The interrelation between theologia and oikonomia so crucial to Eastern Orthodox hermeneutics was sharpened in the fourth-century trinitarian controversy. Defending the full divinity of the Son of God against Arian opponents who used the Gospels’ depictions of Jesus’s weakness and ignorance to prove he was a creature, Athanasius’s famous “double account” of the incarnation ascribed the miracles and supernatural deeds to the divine Son and the frailties to Jesus’s human constitution. This exegetical axiom in turn funded the doctrine of the communicatio idiomatum, the mutual communication of divine and human attributes in Christ, and ultimately also the Chalcedonian Definition (451) of Christ as “one person in two (unconfused) natures.” Gregory of Nazianzus, in his Theological Orations, mastered the art of rhetorically interweaving theologia and oikonomia, drawing together a wide array of biblical texts and allusions to convey the union in Christ of the eternally-generated Son of God and the created human nature of Jesus the child of Mary (Orations 29–30; see McGuckin 2005).

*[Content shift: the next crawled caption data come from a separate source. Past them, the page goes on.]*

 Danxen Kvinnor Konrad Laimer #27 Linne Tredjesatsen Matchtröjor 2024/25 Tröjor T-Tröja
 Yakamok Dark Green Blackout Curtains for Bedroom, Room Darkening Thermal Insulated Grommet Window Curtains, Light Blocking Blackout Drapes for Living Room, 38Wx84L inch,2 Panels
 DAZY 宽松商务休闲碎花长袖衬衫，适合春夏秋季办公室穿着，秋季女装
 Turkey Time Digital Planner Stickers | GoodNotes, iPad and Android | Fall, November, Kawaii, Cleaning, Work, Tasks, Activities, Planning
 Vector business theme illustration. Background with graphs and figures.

Also amid controversy over the Trinity, Gregory of Nyssa modeled a form of theological and mystical exegesis based on painstaking analysis of the nature of biblical language itself. Against Arian rationalists who allegedly settled for theologically superficial and baldly literalistic readings of sensitive biblical texts to support their unitarian teaching, Gregory ruled that “following the suggestions of scripture, [we] have learned that the [divine] nature is unnamable and unspeakable, and we say that every term either invented by human custom or handed down to us by the scriptures is indeed explanatory of our conceptions of the divine nature but does not include the signification of that nature itself” (To Ablabius). Trinitarian orthodoxy relied at once on the apophatic denial of any pretention to capture God’s mystery through scripture’s own language and on assiduous exegesis of its testimonies to the relations between Father, Son, and Holy Spirit in the economy of creation and redemption. Eastern Orthodox trinitarian dogma has never moved beyond this rule of theological interpretation.

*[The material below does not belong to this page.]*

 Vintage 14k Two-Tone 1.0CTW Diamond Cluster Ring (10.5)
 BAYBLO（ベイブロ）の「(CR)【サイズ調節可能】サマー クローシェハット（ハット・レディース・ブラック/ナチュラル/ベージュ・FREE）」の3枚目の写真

The extended Eastern christological controversies of the fifth, sixth, and seventh centuries also proved to be an important testing ground for the theologically reasoned “literal” interpretation of scripture. There are many examples, but an especially extraordinary one is Maximus the Confessor’s exegesis of Jesus’s prayer in Gethsemane (Matt 26:39 and parallels). Maximus’s seventh-century Monothelite opponents insisted that, lest there be an opposition of divine and human wills in Christ, his singular divine will must have already preempted any human volition. Integrating careful exegesis of Jesus’s prayer with the precedential logic of the Chalcedonian Definition, Maximus argued (Opusculum 6) that the literal meaning of the Gethsemane prayer was Jesus’s handing over of his human will to the will of the Father. The two wills were different but not intrinsically opposed. The agony of Gethsemane demonstrated precisely the consonance of divine and human wills for the sake of human salvation. This teaching was vindicated at the Council of Constantinople of 681 and became standard in Orthodox (Chalcedonian) Christology. The Bible in Orthodox Liturgy and Devotion.

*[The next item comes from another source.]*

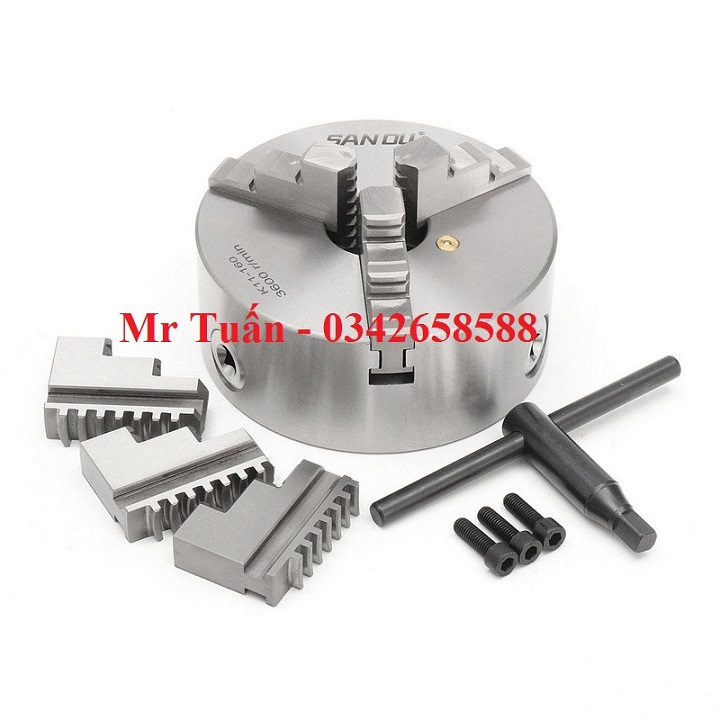 Mâm cặp 3 chấu đường kính 160mm model K11-160 mâm cặp hãng Sanou, mâm cặp máy tiện 160mm, mâm căp máy mài 160mm
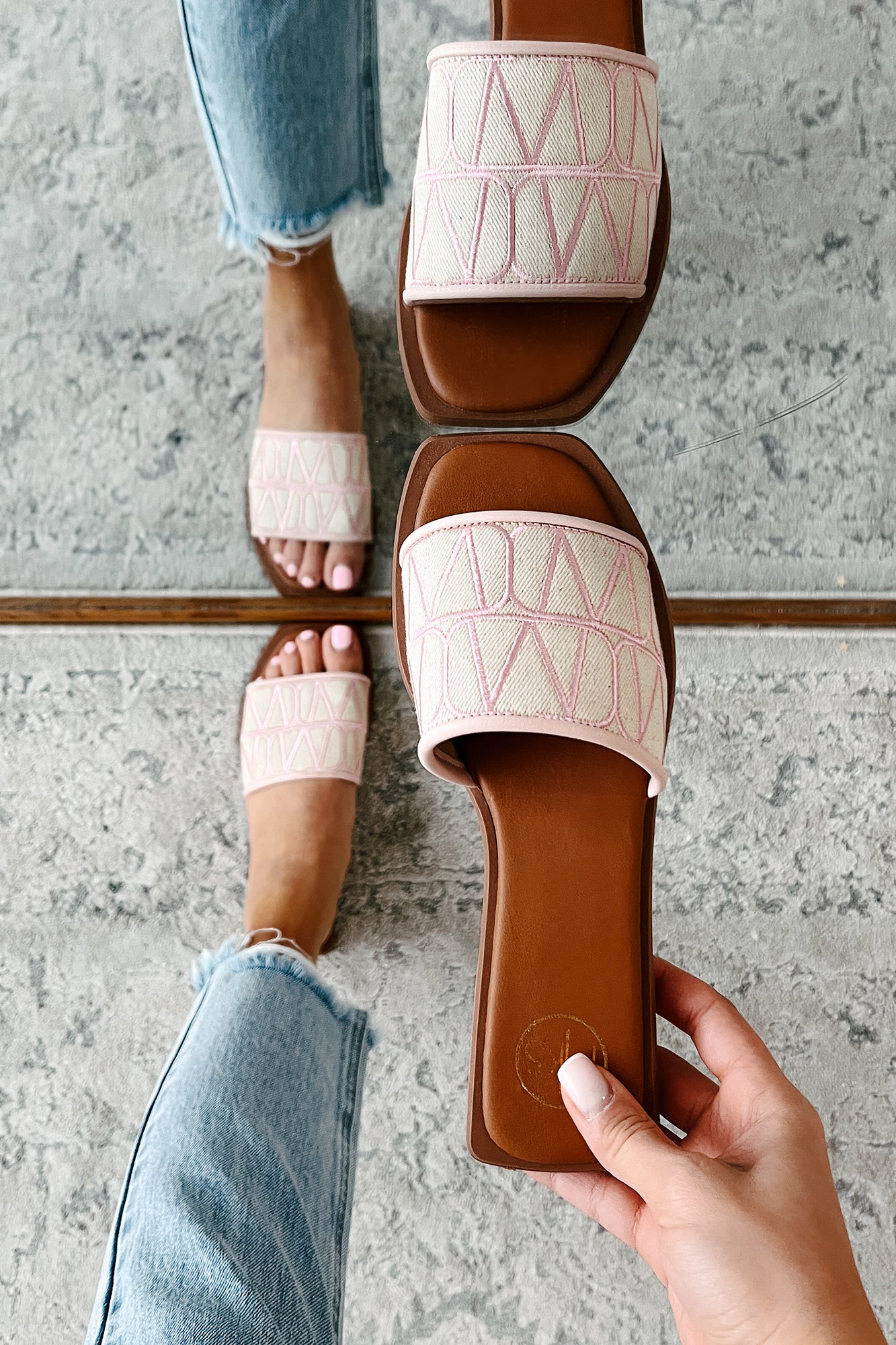 Better Than Everyone Printed Square Toe Sandals (Pink)-The Formal Wear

Christian liturgy, from its inception, has been an instrumental mode of “performative” interpretation, an embodied participation in the living Word. A presupposition of liturgy in the Eastern Orthodox tradition is that the worshipping congregation here and now, in the long wake of Christ’s incarnation, already stands at the threshold of the eschatological age, and that it sacramentally rehearses, through ritual action and anamnesis, the drama of sacred history (the economy of salvation) that continues to play out to its consummation. In the Divine Liturgy, Orthodox Christians hear scripture read, chanted, prayed, and preached (Lash 2008; Theokritoff 2005). Visually, they behold the Gospel Book in procession through the congregation, the so-called Little Entrance. The Eucharistic Prayer (anaphora) and the liturgy as a whole—its prayers, litanies, hymns, etc.—are saturated with scriptural language and allusions, in an ambiance intended to convey the spatial convergence of heaven and earth. Icons of Christ, the Theotokos (Virgin Mother), biblical saints and events, and the historic saints of the Christian East, are venerated in liturgy and in private devotion, drawing the faithful into a perduring communion of saints. As in the West, biblical readings in the liturgies are regulated according to the major feasts of the liturgical calendar, providing rhythms and sequences that frame Christian identification with—and in—scripture’s salvific narrative. Baptismal and eucharistic practices are shot through with biblical typologies. As in the ancient Greek church (see Daniélou 1956, pp. 70–113), baptism simulates not only new creation, a saving deluge, a new exodus through water, a reentry into paradise, but also, most importantly, death, burial, and resurrection with Christ (Rom 6:3–5). The Eucharist abounds in Paschal symbols that bridge the ancient Passover with the new Pascha of Christ in the church’s defining sacred meal (Daniélou, pp. 127–176).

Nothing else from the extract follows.